Because, here's the thing, when it comes to the philosophical positions he spent most time developing, I don't actually agree much with Carnap on substance nor do I work on the same project as him. His work on the semantics of modal logic was certainly historically important but it has been quite appropriately supplanted by Kripke's approach. The project of the Aufbau is in some sense beautiful and impressive - but as far as I can tell it has, again, been set aside on good grounds, and I am not pursuing its contemporary analogues. I have a lot of respect for the people working on inductive logic (which definitely has direct links to the historical Carnap's project) but I haven't followed it in enough detail to know exactly what of Carnap's has been kept and where I agree. I actively disagree with the view of race I gleaned from him and others. I love the nameless-station railway map metaphor for structuralism that Carnap came up with, but I'm not invested one way or another in the view. I am more sympathetic than most to Carnap's later verificationism, but even there (as I have wrote previously) I think Carnap never did a good job of explaining why exactly one should believe it and how exactly it is to be applied in its own case.
The one place where I am more directly sympathetic and it affects what I do is a cluster of views around Carnapian tolerance. In the Logical Syntax of Language Carnap says:
In logic, there are no morals. Everyone is at liberty to build his own logic, i. e. his own form of language, as he wishes. All that is required of him is that, if he wishes to discuss it, he must state his methods clearly, and give syntactical rules instead of philosophical arguments.He even backs up this easy going tolerance with some rather stirring words:
The first attempts to cast the ship of logic off from the terra firma of the classical forms were certainly bold ones, considered from the historical point of view. But they were hampered by the striving after ‘correctness’. Now, however, that impediment has been overcome, and before us lies the boundless ocean of unlimited possibilities.This basic attitude of tolerance for conceptual exploration and engineering, and pragmatism in matters of application, is then related to a broader metaphilosophical perspective most famously outlined here. Scholars have done much interesting work on the principle of tolerance, and the related engineering projects. Here I do substantially agree, I have given various talks promoting the idea, and have tried to work in this vein in some of my publications. However, at best, that means I relate to Carnap as someone who I thought had a great Big Idea but who never really applied it in ways I find correct or relevant.

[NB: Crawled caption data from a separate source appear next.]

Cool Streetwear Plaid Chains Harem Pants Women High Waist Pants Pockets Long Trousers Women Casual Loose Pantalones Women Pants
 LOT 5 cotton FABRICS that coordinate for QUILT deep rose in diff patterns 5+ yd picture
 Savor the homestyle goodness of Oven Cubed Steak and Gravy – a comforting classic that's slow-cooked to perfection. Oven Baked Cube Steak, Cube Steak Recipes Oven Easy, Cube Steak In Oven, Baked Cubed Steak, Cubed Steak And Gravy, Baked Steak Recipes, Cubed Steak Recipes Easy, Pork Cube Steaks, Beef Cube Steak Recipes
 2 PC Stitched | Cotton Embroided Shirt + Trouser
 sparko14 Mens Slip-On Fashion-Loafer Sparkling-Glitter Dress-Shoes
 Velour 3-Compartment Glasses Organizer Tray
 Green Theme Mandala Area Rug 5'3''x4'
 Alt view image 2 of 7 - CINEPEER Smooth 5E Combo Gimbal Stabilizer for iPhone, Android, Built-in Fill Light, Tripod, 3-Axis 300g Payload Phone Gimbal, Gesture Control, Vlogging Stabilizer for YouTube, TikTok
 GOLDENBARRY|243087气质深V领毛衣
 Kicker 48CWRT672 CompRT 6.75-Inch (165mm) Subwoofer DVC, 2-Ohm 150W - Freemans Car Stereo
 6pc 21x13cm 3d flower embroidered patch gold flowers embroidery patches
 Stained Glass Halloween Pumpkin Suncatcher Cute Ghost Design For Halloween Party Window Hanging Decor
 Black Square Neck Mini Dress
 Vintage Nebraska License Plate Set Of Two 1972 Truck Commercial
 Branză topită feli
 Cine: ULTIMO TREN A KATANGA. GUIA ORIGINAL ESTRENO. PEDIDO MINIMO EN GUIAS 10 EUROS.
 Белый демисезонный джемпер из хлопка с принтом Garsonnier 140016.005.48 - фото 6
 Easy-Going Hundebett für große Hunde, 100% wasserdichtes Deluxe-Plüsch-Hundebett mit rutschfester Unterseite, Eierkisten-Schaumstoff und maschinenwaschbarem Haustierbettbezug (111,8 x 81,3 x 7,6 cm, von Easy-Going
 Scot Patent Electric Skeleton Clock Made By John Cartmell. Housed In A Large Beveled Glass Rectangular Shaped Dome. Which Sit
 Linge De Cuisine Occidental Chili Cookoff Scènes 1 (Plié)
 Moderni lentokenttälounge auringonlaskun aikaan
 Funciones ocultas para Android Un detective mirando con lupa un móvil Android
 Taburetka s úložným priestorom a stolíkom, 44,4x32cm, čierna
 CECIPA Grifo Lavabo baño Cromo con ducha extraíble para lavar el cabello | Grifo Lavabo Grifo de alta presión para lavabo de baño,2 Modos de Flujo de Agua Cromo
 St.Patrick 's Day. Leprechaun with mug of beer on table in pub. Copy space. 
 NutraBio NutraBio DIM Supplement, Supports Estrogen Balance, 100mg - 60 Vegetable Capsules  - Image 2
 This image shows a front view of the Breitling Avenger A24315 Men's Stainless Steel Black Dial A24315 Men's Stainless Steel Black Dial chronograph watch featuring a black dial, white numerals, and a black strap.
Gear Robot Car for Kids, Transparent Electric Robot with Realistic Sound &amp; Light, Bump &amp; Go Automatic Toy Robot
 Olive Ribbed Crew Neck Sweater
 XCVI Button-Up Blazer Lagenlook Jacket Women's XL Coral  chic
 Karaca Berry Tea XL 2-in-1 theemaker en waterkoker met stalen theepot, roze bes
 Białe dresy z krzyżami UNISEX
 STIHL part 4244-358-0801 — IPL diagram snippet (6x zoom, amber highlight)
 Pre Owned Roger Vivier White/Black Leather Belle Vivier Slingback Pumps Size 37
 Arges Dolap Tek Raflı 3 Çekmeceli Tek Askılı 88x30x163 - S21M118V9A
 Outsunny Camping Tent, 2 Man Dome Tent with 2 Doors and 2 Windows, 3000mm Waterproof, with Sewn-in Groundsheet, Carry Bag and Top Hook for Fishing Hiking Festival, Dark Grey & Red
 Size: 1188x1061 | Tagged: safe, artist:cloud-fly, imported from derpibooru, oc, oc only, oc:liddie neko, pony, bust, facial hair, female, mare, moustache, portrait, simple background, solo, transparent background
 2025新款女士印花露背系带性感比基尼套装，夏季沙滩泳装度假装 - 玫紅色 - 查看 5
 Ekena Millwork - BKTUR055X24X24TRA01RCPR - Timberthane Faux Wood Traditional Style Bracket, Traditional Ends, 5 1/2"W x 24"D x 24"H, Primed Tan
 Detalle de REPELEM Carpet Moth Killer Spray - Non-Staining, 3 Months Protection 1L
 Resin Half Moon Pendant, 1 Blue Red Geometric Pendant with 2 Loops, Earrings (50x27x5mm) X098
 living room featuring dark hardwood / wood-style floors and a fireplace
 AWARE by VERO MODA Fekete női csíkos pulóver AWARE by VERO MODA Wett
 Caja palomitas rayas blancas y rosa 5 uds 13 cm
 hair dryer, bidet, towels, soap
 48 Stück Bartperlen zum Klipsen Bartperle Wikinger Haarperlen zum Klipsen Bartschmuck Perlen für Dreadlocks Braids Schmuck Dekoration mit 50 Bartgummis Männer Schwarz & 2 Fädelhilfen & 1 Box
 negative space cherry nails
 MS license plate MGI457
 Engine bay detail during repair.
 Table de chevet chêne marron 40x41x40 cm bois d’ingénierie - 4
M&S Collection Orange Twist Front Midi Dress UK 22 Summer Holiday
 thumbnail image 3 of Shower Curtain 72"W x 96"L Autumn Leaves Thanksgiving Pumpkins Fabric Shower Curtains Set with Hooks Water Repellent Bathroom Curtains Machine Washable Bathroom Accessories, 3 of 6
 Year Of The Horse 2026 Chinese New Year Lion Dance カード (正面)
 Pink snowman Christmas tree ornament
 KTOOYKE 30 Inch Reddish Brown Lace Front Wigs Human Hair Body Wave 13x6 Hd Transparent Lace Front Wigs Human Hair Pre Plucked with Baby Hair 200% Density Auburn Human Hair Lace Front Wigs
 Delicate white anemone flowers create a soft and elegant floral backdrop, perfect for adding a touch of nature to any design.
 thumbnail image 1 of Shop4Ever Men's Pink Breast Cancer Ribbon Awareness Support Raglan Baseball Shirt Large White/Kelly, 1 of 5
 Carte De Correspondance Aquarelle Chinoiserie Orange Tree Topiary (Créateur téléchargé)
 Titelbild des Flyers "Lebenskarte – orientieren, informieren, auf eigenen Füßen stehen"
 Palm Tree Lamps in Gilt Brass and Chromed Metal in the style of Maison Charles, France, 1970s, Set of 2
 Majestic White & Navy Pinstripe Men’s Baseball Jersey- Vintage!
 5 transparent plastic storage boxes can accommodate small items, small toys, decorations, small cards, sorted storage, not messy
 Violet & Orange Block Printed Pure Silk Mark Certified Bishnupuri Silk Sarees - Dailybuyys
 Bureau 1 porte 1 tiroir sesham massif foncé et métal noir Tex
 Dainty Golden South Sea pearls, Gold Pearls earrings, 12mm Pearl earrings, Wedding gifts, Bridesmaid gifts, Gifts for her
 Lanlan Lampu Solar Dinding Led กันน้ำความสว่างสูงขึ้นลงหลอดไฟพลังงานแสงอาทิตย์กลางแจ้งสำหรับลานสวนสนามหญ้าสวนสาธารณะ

None the less, I like him a lot. And I think the three main reasons I like him are pretty similar to the reasons you get a lot of the bizarre hero worship of the humanities. Firstly and most boringly, he just seems to have been a basically quite admirable human being. As far as I can tell his experience of the trenches in world war one radicalised him, and from that moment on he was consistently on the side of the angels. He spent the latter years of the war spreading thinly veiled pacifist propaganda (he only narrowly escaped getting in quite serious trouble for this), then a supporter of the socialist opposition to the war - the commitment to socialism was then lifelong. He was an anti-Nazi when that counted, this is the only-now-coming-to-be-appreciated context for his famous anti-Heidegger polemic. Then when he came to the US he got involved as a supporter of the the black civil rights movement. He was a consistent opponent of the various imperialist wars the united states was involved in in the mid 20th century, and a proponent of renouncing nuclear weapons. He quite bravely (at some cost to himself) refused to take the McCarthyist loyalty oaths universities implemented. (The FBI actually started spying on him and kept a file on him - I've read what's available here, and it seems they basically concluded he was too much of a head-in-the-clouds professor to actually be any serious threat, lol). There are stories of him standing up to professors bullying students at Chicago that are in the air in the philosophical community, and he apparently once went out of his way to save a student from homelessness. I once spent some time looking at the material on him in the Carnap archive at Pittsburgh university, and it seems that towards the end of his life he was gathering material on the Angela Davis controversy, I think with an eye to supporting her case to administration. His last publication was a letter of solidarity for Mexican political prisoners and a hope that a leftward turn in US immigration policy that would allow refugees in. There's no sense denying that - I just find this to be an admirable person, I think a lot of the reason Carnap was initially attractive to me was just that being a kind of introverted techy nerd who none the less has these rather leftist philosophical positions obviously speaks to me on a personal level. (It's maybe relevant that Wiredu and Condorcet are other philosophers I like, who seem relevantly similar on this front.)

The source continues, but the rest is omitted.